Now we can define a function to generate random images from noise:

In [15]:
def build_generator(input_tensor, reg=0.2):
    # Again, scoping is essential here:
    with tf.variable_scope("mnist_generator"):
        x = tf.layers.dense(input_tensor, 256, name="fc1")
        
        # Apply a non linearity:
        x = tf.maximum(reg*x, x, name="leaky_relu_1")
        
        x = tf.layers.dense(x, 512, name="fc2")
        
        # Apply a non linearity:
        x = tf.maximum(reg*x, x, name="leaky_relu_2")
        
        x = tf.layers.dense(x, 1024, name="fc3")
        
        # Apply a non linearity:
        x = tf.maximum(reg*x, x, name="leaky_relu_3")
        
        x = tf.layers.dense(x, 28*28, name="fc4")
        

        # Reshape to match mnist images:
#         x = tf.reshape(x, (-1, 28, 28, 1))
        
        # The final non linearity applied here is to map the images onto the [-1,1] range.
        x = tf.nn.tanh(x, name="generator_tanh")
        return x
In [16]:
with tf.device(default_device):
    with g.as_default():
        fake_images = build_generator(noise_tensor) + fake_noise

We also need to be able to run the discriminator on the fake images, so set that up too. Since it trains on both real and fake images, set reuse=True here:

In [17]:
with tf.device(default_device):
    with g.as_default():
        fake_image_logits = build_discriminator(fake_images, reuse=True, is_training=TRAINING, dropout_rate=0.3, reg=0.2)

Loss functions

We can now define our loss functions.
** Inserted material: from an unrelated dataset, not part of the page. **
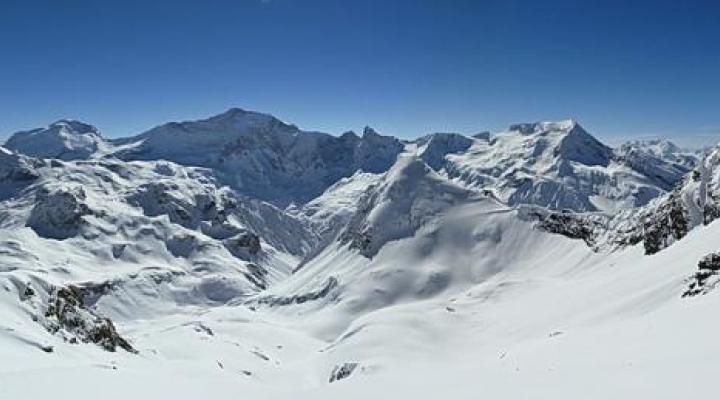 Descente avec vue sur la vanoise...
Note that we have to define the loss function for the generator and discriminator seperately:

In [18]:
with tf.device(default_device):
    # Build the loss functions:
    with g.as_default():
        with tf.name_scope("cross_entropy") as scope:

            # Be careful with the loss functions.  The sigmoid activation is already applied as the
            # last step of the discriminator network above.  If you want to use something like 
            # tf.nn.sigmoid_cross_entropy_with_loss, it *will not train* because it applies 
            # a sigmoid a second time.
            d_loss_total = -tf.reduce_mean(tf.log(real_image_logits) + tf.log(1. - fake_image_logits))
            
        
            # This is the adverserial step: g_loss tries to optimize fake_logits to one,
            # While d_loss_fake tries to optimize fake_logits to zero.
            g_loss = -tf.reduce_mean(tf.log(fake_image_logits))

            # This code is useful if you'll use tensorboard to monitor training:
#             d_loss_summary = tf.summary.scalar("Discriminator_Real_Loss", d_loss_real)
#             d_loss_summary = tf.summary.scalar("Discriminator_Fake_Loss", d_loss_fake)
            d_loss_summary = tf.summary.scalar("Discriminator_Total_Loss", d_loss_total)
            d_loss_summary = tf.summary.scalar("Generator_Loss", g_loss)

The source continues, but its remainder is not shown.